ABSTRACT
This note covers two perspectives on accessing data in a Rubin middleware Butler from external code.
Enabling end-user access to data extracted from a Butler
There is a requirement to allow external code to run on Rubin images. This requires at least accessing the images via butler and creating FITS files or such for an external program. This note provides some background and a notebook approach to doing this.
Running external executables under the control of a QuantumGraph pipeline
Given data that are already in a Butler, there may be circumstances in which it’s desirable for users, or even in some cases, project staff, to run an external executable on those data, and to do so under the control of a Pipeline run via QuantumGraph. This might be, for instance, because the natural way to control the iteration through the input data is by traversing a collection.
Under some circumstances it may even be desirable to return outputs from the external executable to the Butler.
The second part of this note therefore addresses the possible design of a PipelineTask that serves as a wrapper for an external executable.
1 Enabling end-user access to data extracted from a Butler¶
1.1 Introduction¶
[1] outlines plans for batch access to Rubin data. This would be via the USDF and using the Rubin pipelines. There is still a requirement “DMS-REQ-0128” to allow “means for applying user-provided processing to image data”. This we feel could be met by demonstrating the possibility to extract FITS files from the butler repository and use a third party application on them.

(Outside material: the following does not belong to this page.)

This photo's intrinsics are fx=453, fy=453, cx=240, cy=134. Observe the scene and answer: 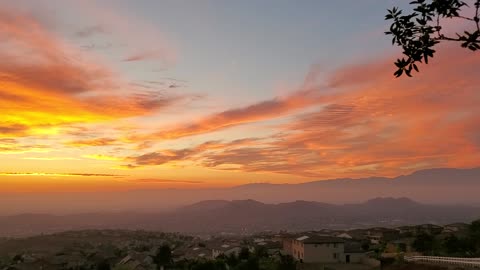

This is demonstrated in the notebook in the repository of this technote called ExternalCode.ipynb.
1.2 External Code¶
For this example we will use _usdf-rsp.slac.stanford.edu/nb: the USDF RSP Notebook Environment”. The notebook environment allows a user to bring in their own or third party code. For this exercise we will run sextractor over some Rubin images which will also be written to FITS.
1.2.1 sep¶
sep is an python version of sextractor. This may be installed on the RSP by opening a terminal and executing cmd: pip install sep
1.3 Get some images¶
It is assumed the reader will read tutorials on butler to find images. There are tutorials on the DP0.2 tutorial site.
The notebook uses butler to get all the exposures from 1 visit from the DC2 simulation at the USDF. It writes out 20 of them to FITS. This is an arbitrary number to just not use all the quota.
datasetType = 'calexp'
dataId = {'visit': 733724}
datasetRefs = set(registry.queryDatasets(datasetType, dataId=dataId))
for count, exp in enumerate(datasetRefs):
fn=f"Rubin-calexp-{exp.dataId['visit']}-{exp.dataId['detector']}.fits"
calexp = butler.get('calexp',exp.dataId)
calexp.writeFits(fn)
if (count > 20):
break
1.4 Apply sep¶
Using a basic sep we can open each image, calculate the background and extract sources. These are aggregated and written to catalog.csv.
import glob
from astropy.io import fits
import sep
import csv
filelist = glob.glob('Rubin-calexp*.fits')
catfile = 'catalog.csv'
outfile = open(catfile,'w')
catalog = csv.writer(outfile,delimiter=',')
ocount = 0
for ffile in filelist:
hdul = fits.open(ffile)
data = hdul[1].data.byteswap().newbyteorder() # sep wants this
bkg = sep.Background(data)
# subtract the background
data_sub = data - bkg
objects = sep.extract(data_sub, 1.5, err=bkg.globalrms)
for o in objects:
catalog.writerow(o)
ocount = ocount + len(objects)
outfile.close()
Running this should get something like 30K objects from 22 images.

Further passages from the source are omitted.